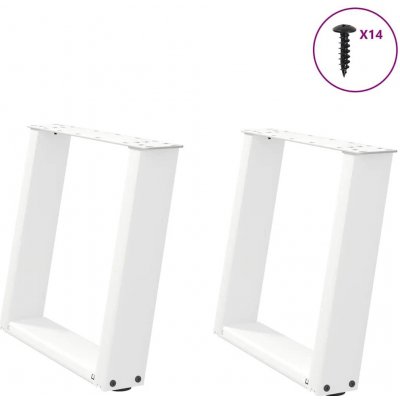 Omaxi 314253 Nohy konferenčního stolku ve tvaru U 2 ks bílé 50 x 42-43 cm ocel – Zboží Dáma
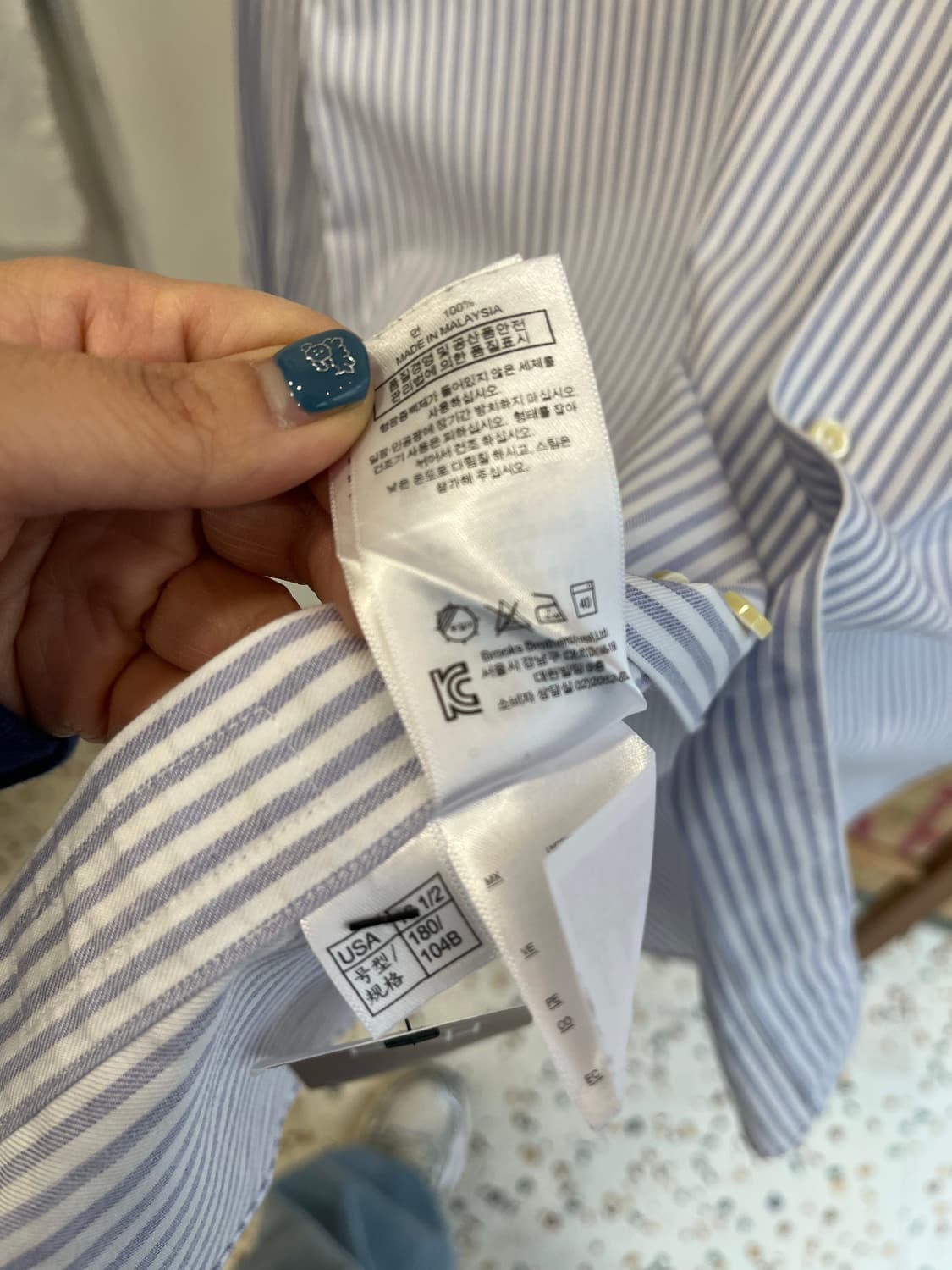 브룩스 브라더스 스트라이프 셔츠 상품이미지6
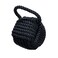 Nautical Rope Knot Decorative Cotton Door Stop Black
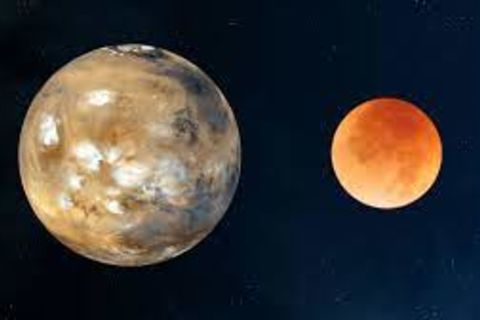 Mars and Moon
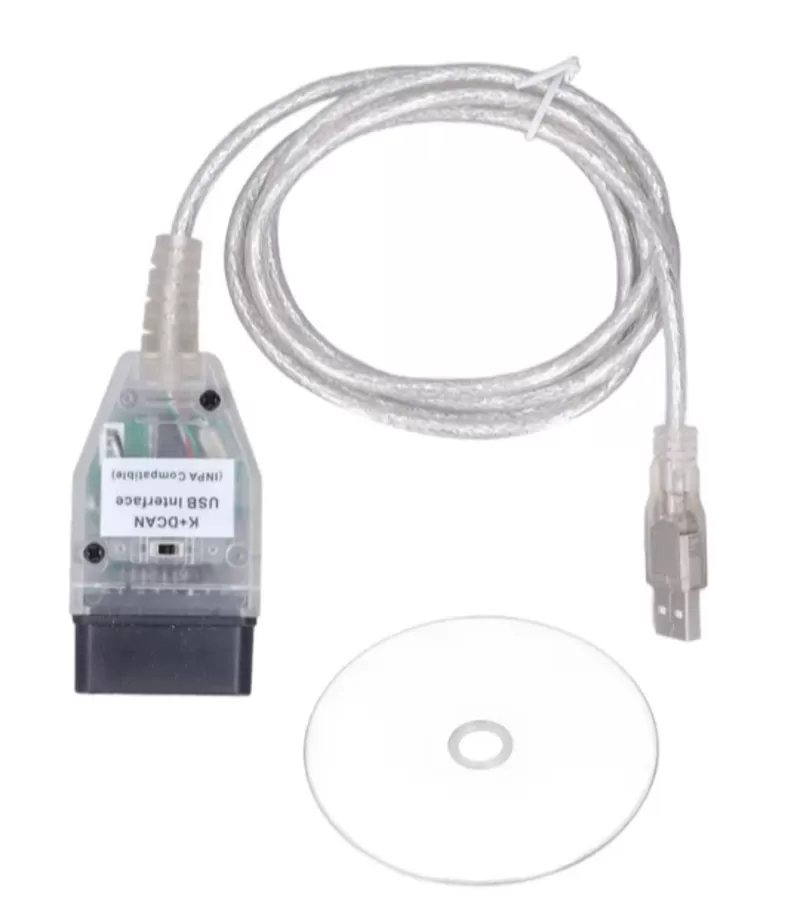 Диагностический кабель для BMW K+DCAN c переключателем.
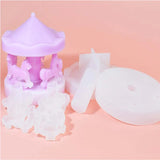 Carousel Swing Table Silicone Mold for Ornaments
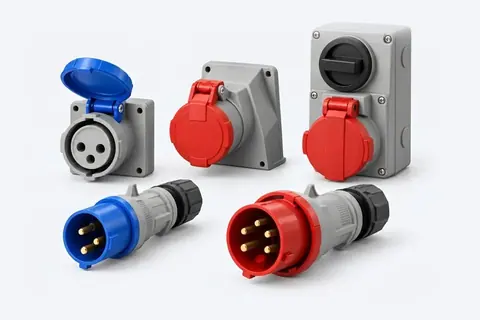 Industrial plugs & connectors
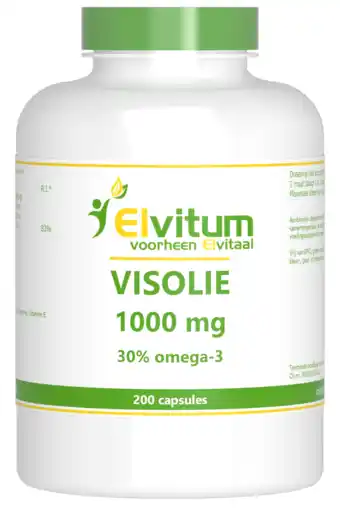 De Online Drogist Elvitum visolie 1000mg capsules 200cp aanbieding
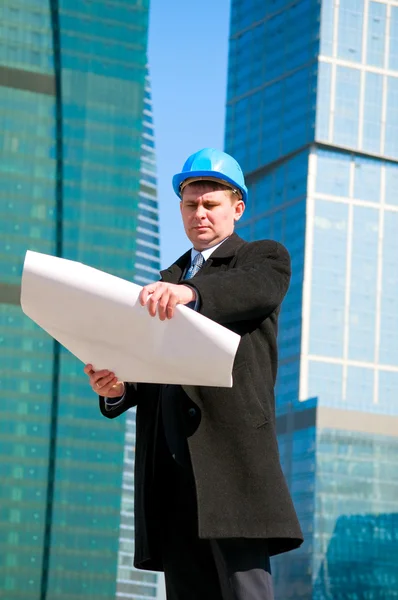 Engenheiro no trabalho — Fotografia de Stock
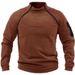 Pure Sweatshirt Autumn Winter Fleece Solid Color Stand Collar Outdoor Warm Plus Size Cross-Border European American Tactical_viptrois.com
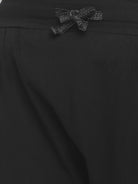 Effy Drop Crotch Pant In Black Solid - Our Better Planet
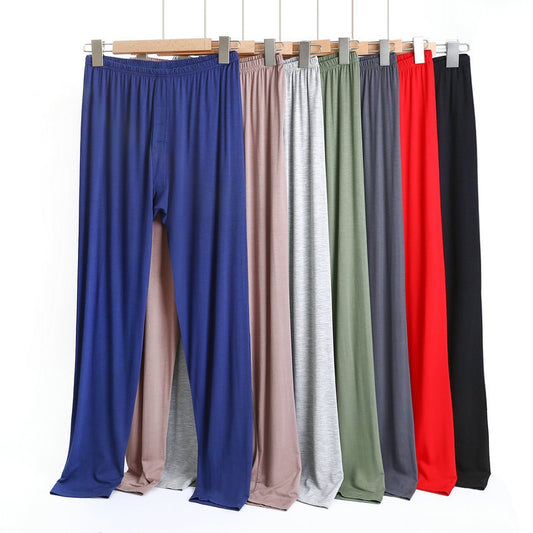 Pantalones Pijama Modal Verano Hombre Talla Grande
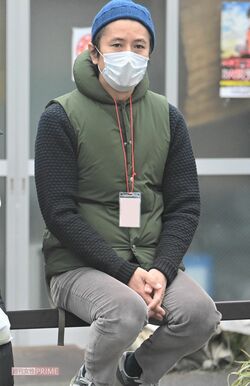 子どもの運動会に参加した谷原章介（2020年）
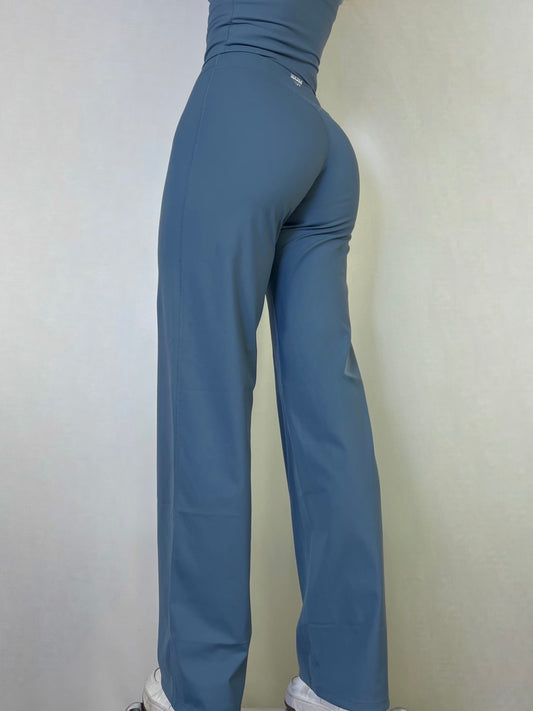 Dusty Blue Straight Leg Soft motion Pants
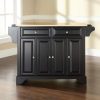 Carts & Islands * | Best-Selling Lafayette Wood Top Full Size Kitchen Island/Cart Black/Natural Crosley Kf30001Bbk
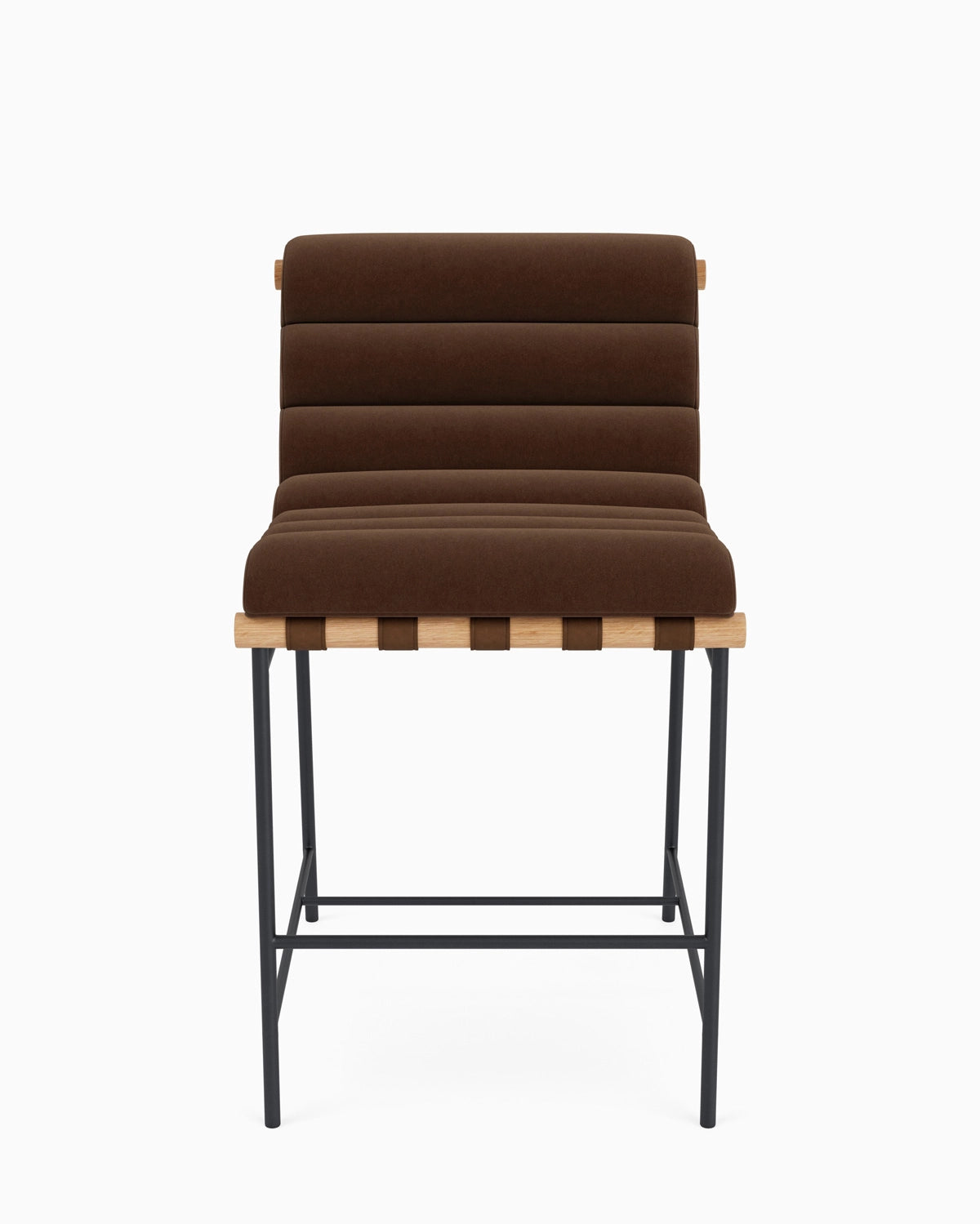 Cognac Velvet / White Oak / Counter (24" Height)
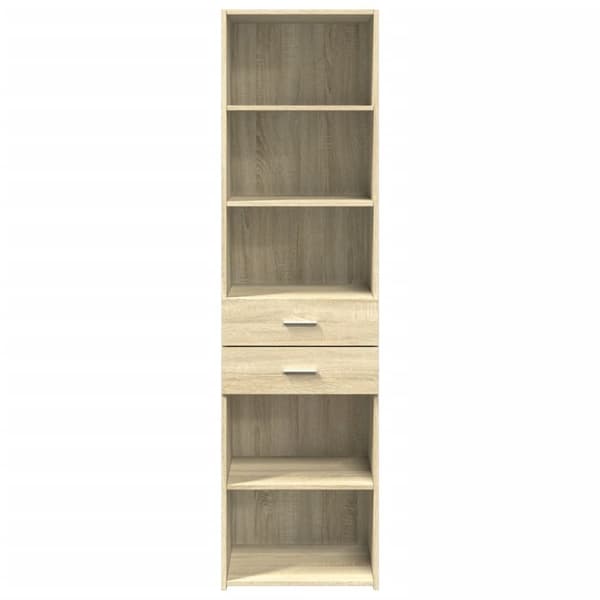 vidaXL højskab 40x42,5x185 cm konstrueret træ sonoma-eg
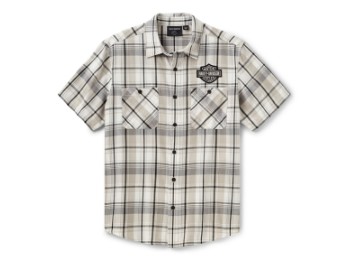 Harley-Davidson Essential Short Sleeve Plaid Shirt für Herren 96189-26VM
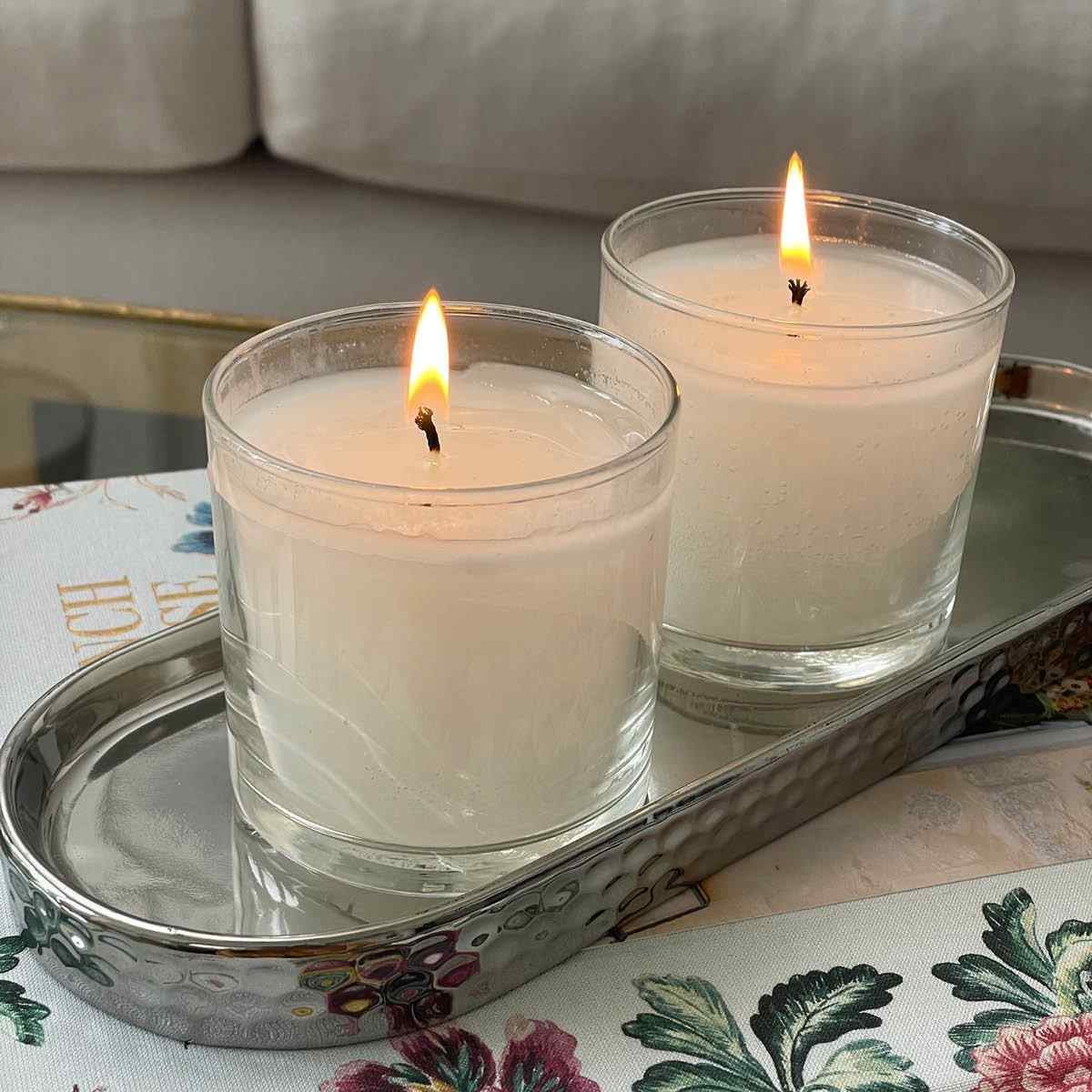 GloLite by PartyLite® Iced Snowberries™ Mini Jar Pair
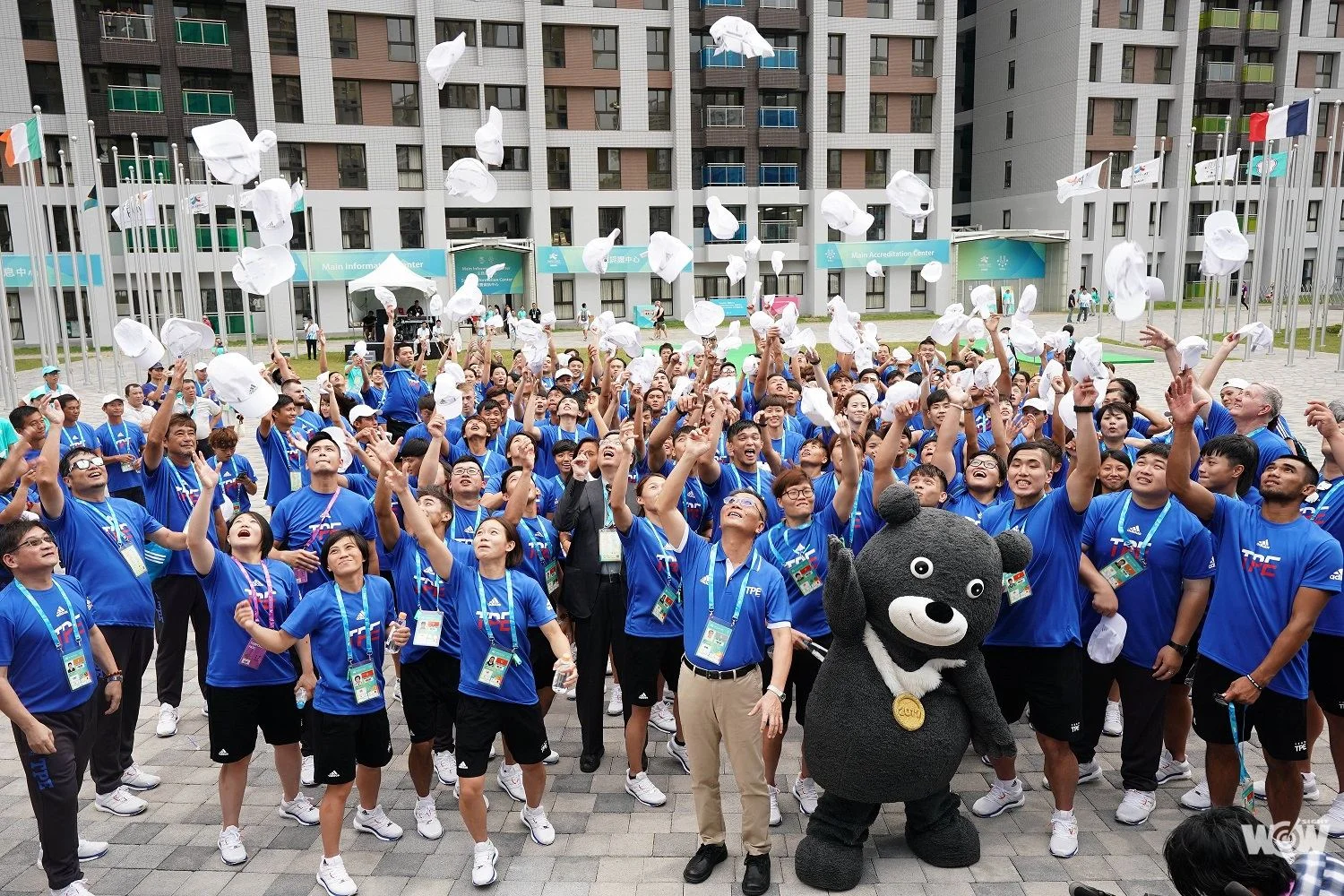 《世大運》中華代表團入村升旗 選手感受好溫馨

****************

*ACTION ITEM*: Working from the line containing "Industrial plugs & connectors" to the last line of the data, retype every line exactly, both ends included, and leave out all pictures.

*RESULT OF THIS TASK*:
 Industrial plugs & connectors
 De Online Drogist Elvitum visolie 1000mg capsules 200cp aanbieding
 Engenheiro no trabalho — Fotografia de Stock
 Pure Sweatshirt Autumn Winter Fleece Solid Color Stand Collar Outdoor Warm Plus Size Cross-Border European American Tactical_viptrois.com
 Effy Drop Crotch Pant In Black Solid - Our Better Planet
 Pantalones Pijama Modal Verano Hombre Talla Grande
 子どもの運動会に参加した谷原章介（2020年）
 Dusty Blue Straight Leg Soft motion Pants
 Carts & Islands * | Best-Selling Lafayette Wood Top Full Size Kitchen Island/Cart Black/Natural Crosley Kf30001Bbk
 Cognac Velvet / White Oak / Counter (24" Height)
 vidaXL højskab 40x42,5x185 cm konstrueret træ sonoma-eg
 Harley-Davidson Essential Short Sleeve Plaid Shirt für Herren 96189-26VM
 GloLite by PartyLite® Iced Snowberries™ Mini Jar Pair
 《世大運》中華代表團入村升旗 選手感受好溫馨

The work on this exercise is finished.